Wickliffe also claimed that the property owner - his lifelong associate and now co-accused Andrew Reid - was unaware he was using a room he rented in the back of his garage to manufacture the drug P. He had instead told him he was making cannabis oil.
The court heard Wickliffe grew uneasy with the operation when the P cook he was assisting - and whom he repeatedly refused to identify under cross-examination - began smoking the product and talking on his cellphone two days before the bust.
He claimed that later that day, he revealed to Reid what he had been making. Saying he felt responsible and fearing a police raid, he returned to the house on Friday to get rid of the evidence.
He told the court the cook, who had abandoned the lab, had offered to double his payment if he returned his equipment and the methamphetamine.
But while he was taking equipment between the house and the garage, a police constable hidden in bushes just over 20m away was recording movements around the property.
The constable recorded Wickliffe telling another person on the section: "Let's f****** do this."
When police raided the property and found 140g of pre-packaged methamphetamine and more being dried, Wickliffe tried to accept full responsibility for the lab, telling detectives he was disappointed in himself.
He was charged with manufacturing methamphetamine and possession of the drug for supply and later three other related charges.
Crown prosecutor Rob Ronayne challenged Wickliffe's arguments about his role in the operation, telling the court he was involved from start to finish.
Mr Ronayne said that in terms of criminal recidivism, "it doesn't get much worse".
In sentencing, Judge Peter Rollo told Wickliffe that while he might not have been the P cook, "your culpability is at an extremely high level".
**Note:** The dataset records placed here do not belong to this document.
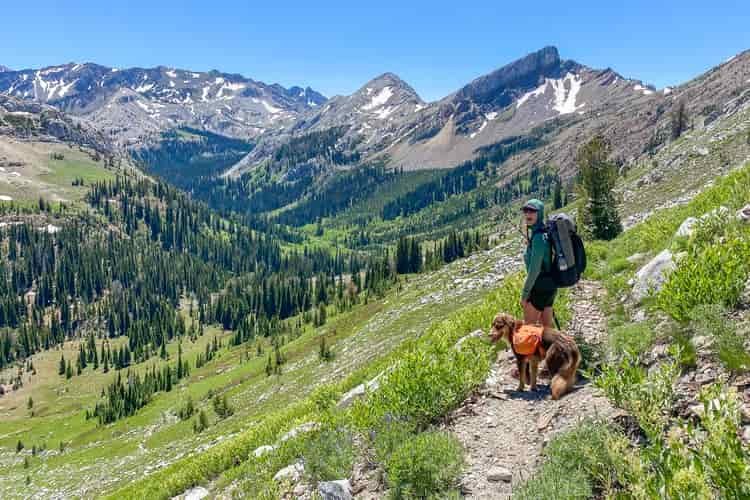 A female hiker and dog look over a green valley and grey mountains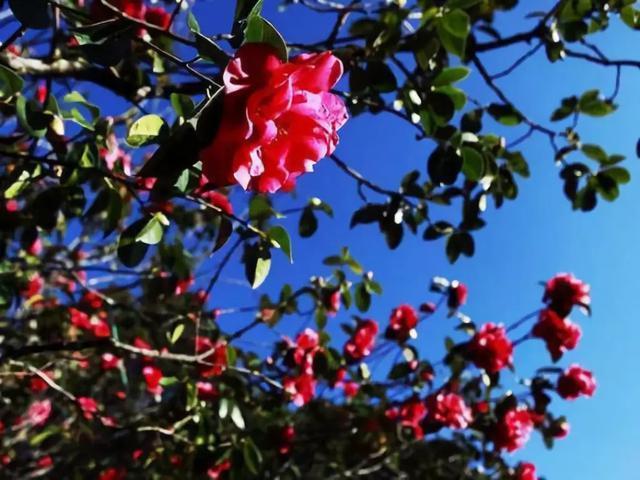 丽江玉峰寺万朵茶花的“照殿红”奇景，你见过吗？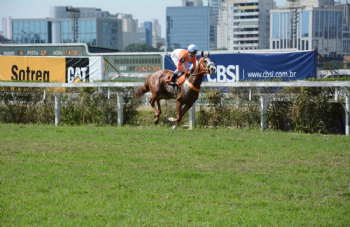 XXV Copa Japão de Turfe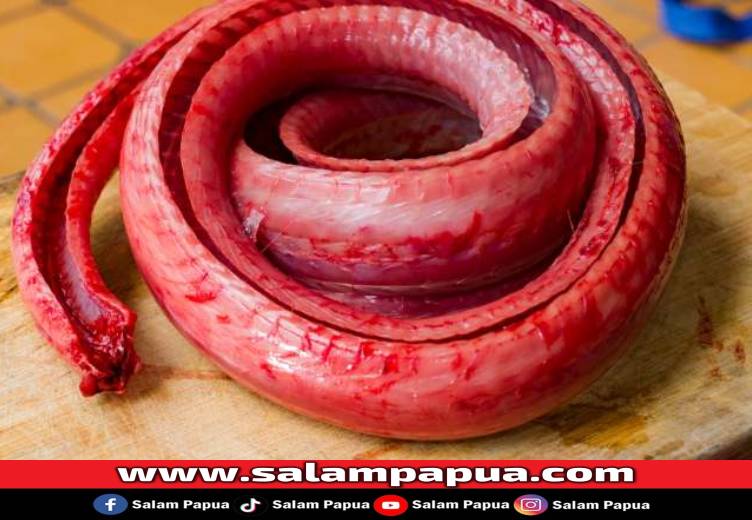 Daging Ular Bagus Untuk Kulit, Ini Fakta Medisnya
"What is very concerning, Mr Wickliffe, is that when you were asked by one of the senior police officers if you smoke methamphetamine, you said no, that you did not, because you had seen it wreck so many lives. Your deliberate action in this regard must be marked by a substantial sentence of imprisonment."
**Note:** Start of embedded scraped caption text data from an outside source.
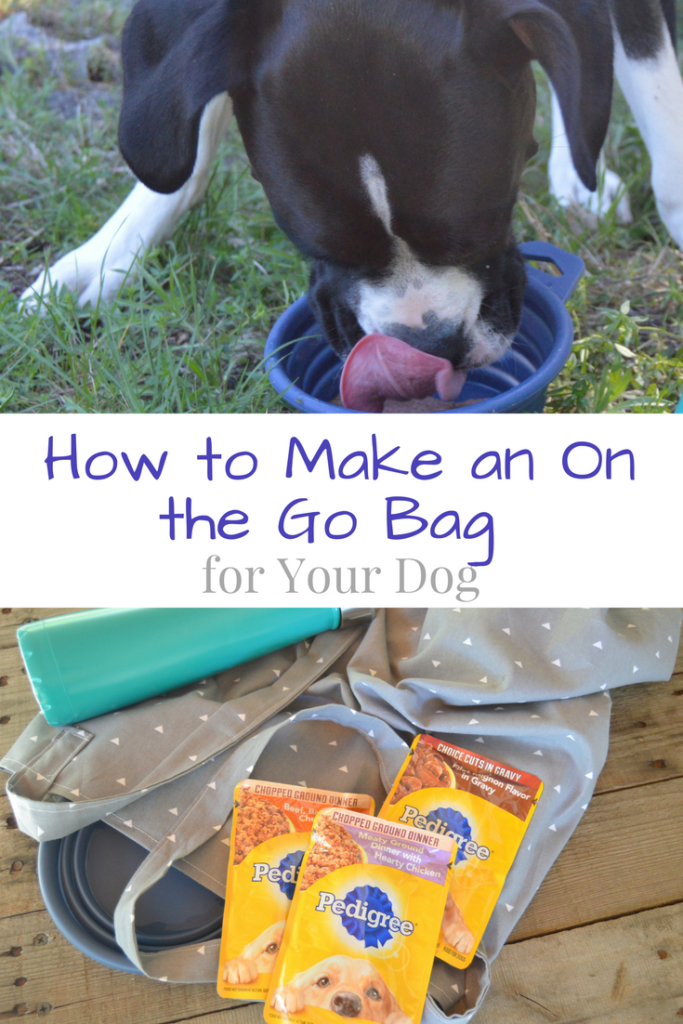 How to Make an On the Go Bag for Your Dog #PedigreeMoment #ad | mybigfathappylife.com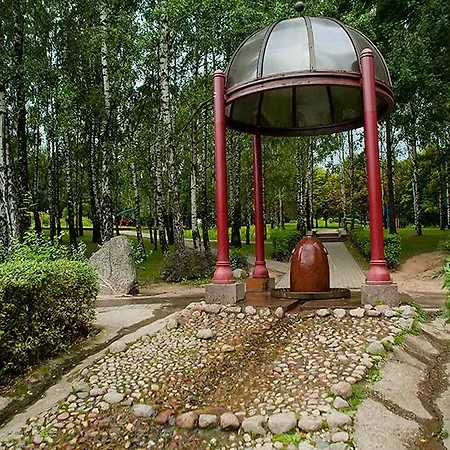 Pushkin Daire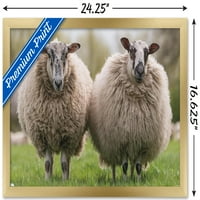 Овци Стои Во Ливада Ѕид Постер, 14.725 22.375 Врамени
The officer in charge of the case, Detective Nigel Grey, told the Herald afterwards that he was satisfied with the sentence and described the manufacture of methamphetamine as a "constant battle" for police.
The sentence comes 40 years after Wickliffe was first sent to prison for the murder of Wellington jeweller Paul Miet. The charge was reduced to manslaughter 12 years later.
Wickliffe was later charged with another murder but his conviction was quashed and he was acquitted at a retrial.
After his release back into the Maketu community last year, a local minister was quoted as saying Wickliffe wanted to get on with his life, "because I think he's learned his lesson by now".